Der Weltklimagipfel in Katowice hat deutlich gezeigt, wie schwierig es ist, globale Übereinkünfte zu treffen, Regeln für deren Umsetzung und eine Erfolgskontrolle zu finden. Welche Rolle können Vorreiterallianzen für den Kohleausstieg und für einen globalen CO2-Preis spielen?

Klar ist, dass es weltweit weder zum kollektiven Kohleausstieg noch über einen globalen CO2-Preis auf internationaler Ebene eine Einigung geben wird. Im Rahmen einer CO2-Preisallianz könnte ein Mindestpreis für CO2-Emissionen festgelegt werden, der über den aktuellen Preis im Europäischen Emissionshandelssystem hinausgeht und für alle Sektoren gilt. In Deutschland wäre dies beispielsweise durch die Besteuerung der Primärenergieträger entsprechend ihrem CO2-Gehalt realisierbar. Gerade im europäischen Umfeld wären Vorreiterallianzen für einen Kohleausstieg sinnvoll zu realisieren. Der Strukturwandel wäre so europäisch abfederbar.

Auf verschiedenen Ebenen werden Studien zur Transformation des Energiesystems realisiert, unzählige Ideen und Strategien entwickelt. Es scheint es fehlt die große Klammer und der wirkliche Wille die Transformation und die Suche nach technologischen Lösungen engagiert und zielgerichtet voranzutreiben. Wie muss es also weitergehen, ohne dass uns die Zeit davonläuft?

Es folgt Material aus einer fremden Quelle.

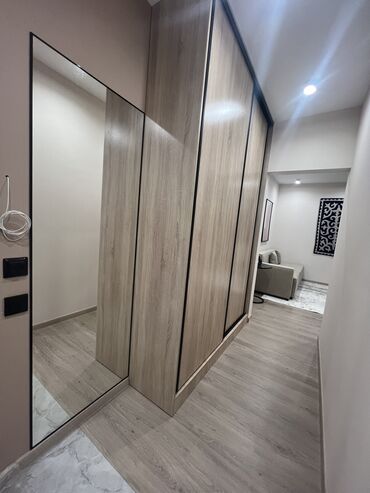 квартиры джале: 1 комната, 45 м², 106 серия улучшенная, 8 этаж, Дизайнерский ремонт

Nein, ich glaube diese Beschreibung trifft so nicht zu. Es gibt eine engagierte Suche nach technologischen Lösungen, aber es gibt wenige Studien zu Transformation "des" Energiesystems . Denn letzteres ist eine komplexe Aufgabe. Die Transformation umfasst fast alle Sektoren, kann nur Sektor übergreifend gelingen und findet gleichzeitig auf allen Ebenen statt. Darüber hinaus soll sie nachhaltig sowie kosteneffizient sein und die Sicherheit der Energieversorgung nicht gefährden. Was wir brauchen ist ein systemischer Blick auf die Transformation sowie eine effektivere Koordination der Sektoren wie auch der Ebenen.